Font Size:  

“I know you have, but if Allison is who you want, shouldn’t that be your reward?”

Her words make sense. My mother’s words always make sense anyway, no matter what the subject matter is. This is no different, and I said that’s what I was going to do when Allison was gone. I was going to claim her and keep her for myself. Make her my wife. But I was a liar.

I am a liar.

Those were words both thought and spoken in the height of panic.

Now that the dust has settled, I don’t know if that’s what I should do. Allison is still who I want, but I’m not sure if I should have her as my wife or try to keep her as my mistress instead. Having her as my mistress would solve a hell of a lot of my problems, except the big one. I don’t want her as my mistress. I want her as my wife.

Fuck.

I am not ready for any of this shit. It’s clear to me that I should be waiting to make any kind of decision. Maybe I should just table this all until I turn thirty, like my brothers. If my dad lets me. Because if I were ready, the answers would be clear as goddamn day.

Wouldn’t they?

Seven years is a long time to wait to make a decision, though, and I’m thinking Allison isn’t going to play house for that long with me. Sure, she’s having fun now, we both are. But what happens in a few years?

My brothers knew exactly who they wanted and how they wanted their women. They didn’t fucking waffle back and forth like me. They were firm in their decisions. But now I’m realizing that they were also older than me by several years.

Maybe it’s an age thing?

Goddamn, I’m a fucking asshole.

Why can’t I just take this woman I so desperately want and keep her for myself? Does it really matter that she’s been with other people? It doesn’t to me. I couldn’t give a fuck less about her hymen. I’m not an angel by any means. I can’t expect her to be one either.

“Probably,” I murmur, answering my mother’s question. “But it’s not that easy.” My mother arches a brow as she looks directly at me. She doesn’t believe me, which is cute because she knows exactly what the hell I’m saying. “Dad would never approve,” I say.

“And your father must approve,” she says.

“Yeah,” I sigh.

She nods a couple of times, writing something down in her notebook. I hate that she keeps a notebook on me, and I’m half tempted to break into her office again in the middle of the night and burn the sonofabitch.

I think I might anyway.

Fuck that notebook.

“Do you think you’re rushing the ending?” she asks.

“Ending?” I ask.

“Your brothers have just gotten married. They’re having children. Maybe you’re rushing things to get to that when it’s not your time yet?”

I don’t tell her that I was possibly thinking the same thing, because when I really take the rest of the factors into consideration, time isn’t going to magically solve this for me.
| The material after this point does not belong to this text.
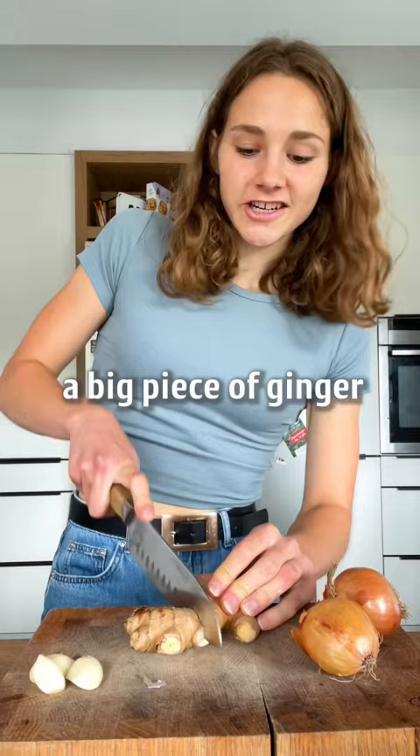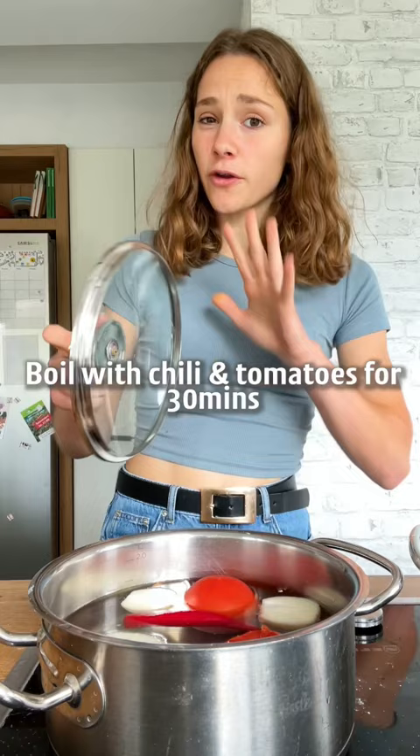First, peeled garlic, a big piece of ginger, and two onions. Boil with chili and tomato for 30 minutes. Blend it until smooth.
I know how I felt when Allison was kidnapped. I know that I wanted her, that I wanted to keep her. But at the end of the day, I know that if I do keep her, I’m shitting on everything the family stands for.

So, the conundrum stands the same.

“Hendrick,” my mother calls out.

Lifting my head, I glance up at her. I’m not sure if she’s looking at me through Doctor Hamilton’s eyes or my mom’s, but I can see the sadness in her gaze as she watches me for a long moment. She gives me a sad smile before she stands from her seat.

This is my mother, not the doctor.

She moves across the room and sinks down beside me on the sofa before she reaches out and wraps her fingers around my hand, squeezing me. Sucking in a breath, I hold it as I wait for her to say whatever it is that’s on her mind.

“Sometimes, the best decisions we have to make as people are the hardest ones.”

I blink a couple of times, waiting for her to continue. She doesn’t. It seems like that’s all she wanted to say. Laughing, I shake my head a couple of times. I can’t believe she’s just going to leave it wide as fuck open like that. But that’s my mom.